Als führendes Industrieland kann und muss sich Deutschland aus Gründen der Glaubwürdigkeit am oberen Reduktionsziel orientieren: 95 Prozent weniger Klimagase bis 2050. Für 2030 bedeutet das eine Reduktion der Kohleverstromung bereits um 75 Prozent im Vergleich zu heute. Zugleich muss bis dahin der Anteil erneuerbarer Energien am Bruttostromverbrauch von heute 36 Prozent auf mindestens 60 Prozent bei einer 80-Prozent-Zielvorgabe und auf deutlich über 60 Prozent beim 95-Prozent-Ziel ansteigen.

Der Koalitionsvertrag hat für 2030 das Ziel für den Anteil der erneuerbaren Stromerzeugung auf 65 Prozent festgelegt und damit die richtige Größenordnung vorgegeben. Ohne Zweifel sind diese anspruchsvollen Ziele erreichbar, denn inzwischen liegen zahlreiche Erfahrungen für die variable Stromerzeugung aus Sonne und Wind mit entsprechenden Flexibilitätsoptionen zur Versorgungssicherheit vor.
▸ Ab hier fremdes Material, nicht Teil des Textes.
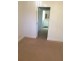 244 Concord Road, Concord West NSW 2138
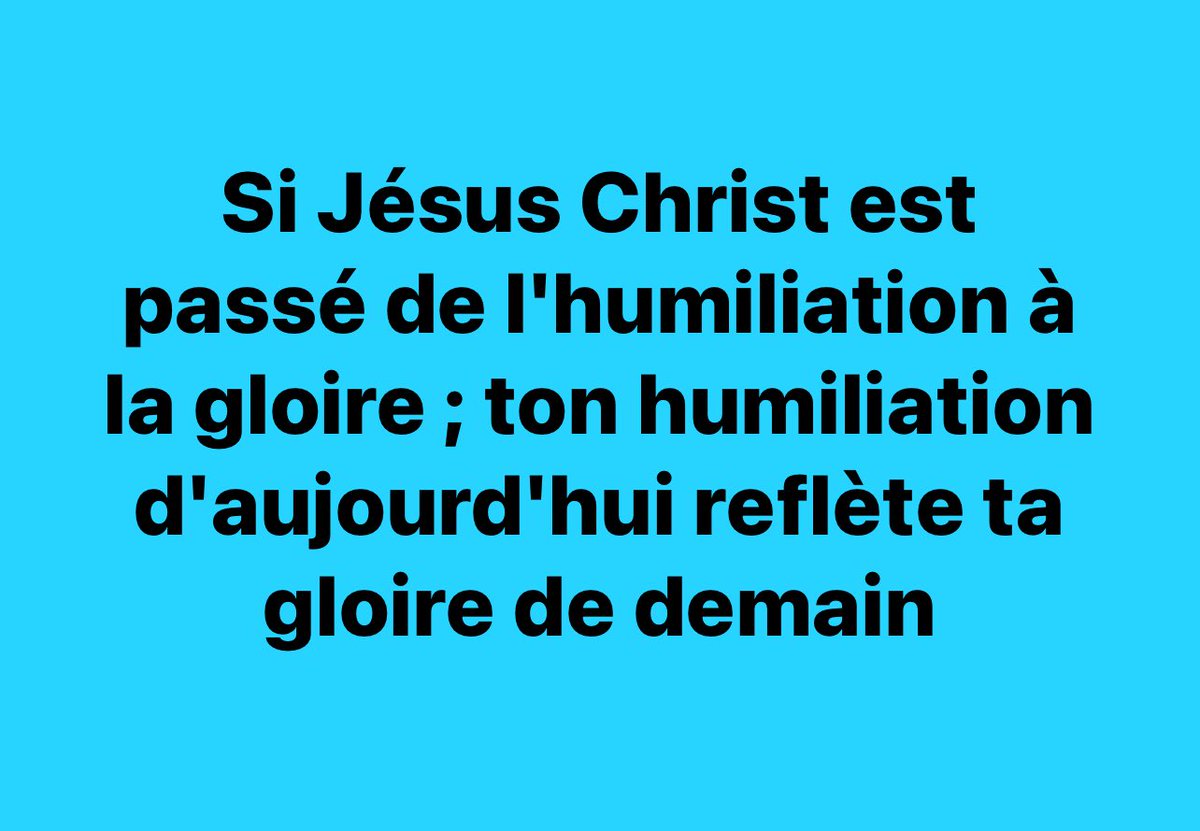 LobiNzambe's tweet photo. 🙌 https://t.co/dcBYRsFmG3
Eine veritable Effizienzrevolution

Andererseits tut sich eine wachsende Umsetzungslücke bei der Steigerung der Energieproduktivität auf. Trotz erkennbarer Anstrengungen der Bundesregierung ist der Nachholbedarf inzwischen gravierend. Repräsentative Szenarien gehen davon aus, dass der bisherige Durchschnitt von 1,4 Prozent jährlicher Steigerung der Energieproduktivität zwischen 2000 und 2014 stark angehoben werden muss – auf 2,1 bis 2,7 Prozent, und zwar für jedes Jahr bis 2050.

 

Nur einer der Wege dorthin sind klassische Effizienzverbesserungen bei strombezogenen Querschnittstechnologien – elektrische Kraftanwendungen, Beleuchtung, Pumpen, Druckluft, Hausgeräte. Hinzukommen müssen eine Verdopplung der jährlichen energetischen Sanierungsraten im Gebäudebestand sowie der beschleunigte Übergang zur energieeffizienteren Elektromobilität.

Es geht um nichts anderes als eine veritable Effizienzrevolution, begleitet durch mehr Genügsamkeit und Nutzenorientierung beim Energieeinsatz, wenn die Primärenergie tatsächlich entsprechend den Energiewendebeschlüssen bis 2050 halbiert werden soll. Nicht nur für den Klima- und Ressourcenschutz, sondern auch zur Reduktion von Energiekosten, Importabhängigkeit und Energierisiken wäre ein solcher Ansatz nach vorliegenden Analysen ein unschätzbarer Gewinn. 

Wo stehen wir heute? Der beschleunigte Strukturwandel im Strom-, Verkehrs- und Wärmesektor wurde zwar vielfach angekündigt, aber bisher nicht in der notwendigen Breite vollzogen. Leider hat das die Energiewende so weit verzögert, dass jetzt die Zeit drängt. Die Gefahr ist groß, dass nach dem deutschen CO2-Minderungsziel für 2020 auch das für 2030 verfehlt wird. Damit würde Deutschlands Glaubwürdigkeit in der Klimapolitik dauerhaft Schaden erleiden. Massive Auswirkungen für die Etablierung auf den wachsenden Klimaschutz-Exportmärkten wären die Folge. Für die bisherige internationale Anerkennung der "Energiewende made in Germany" wäre das der Super-GAU.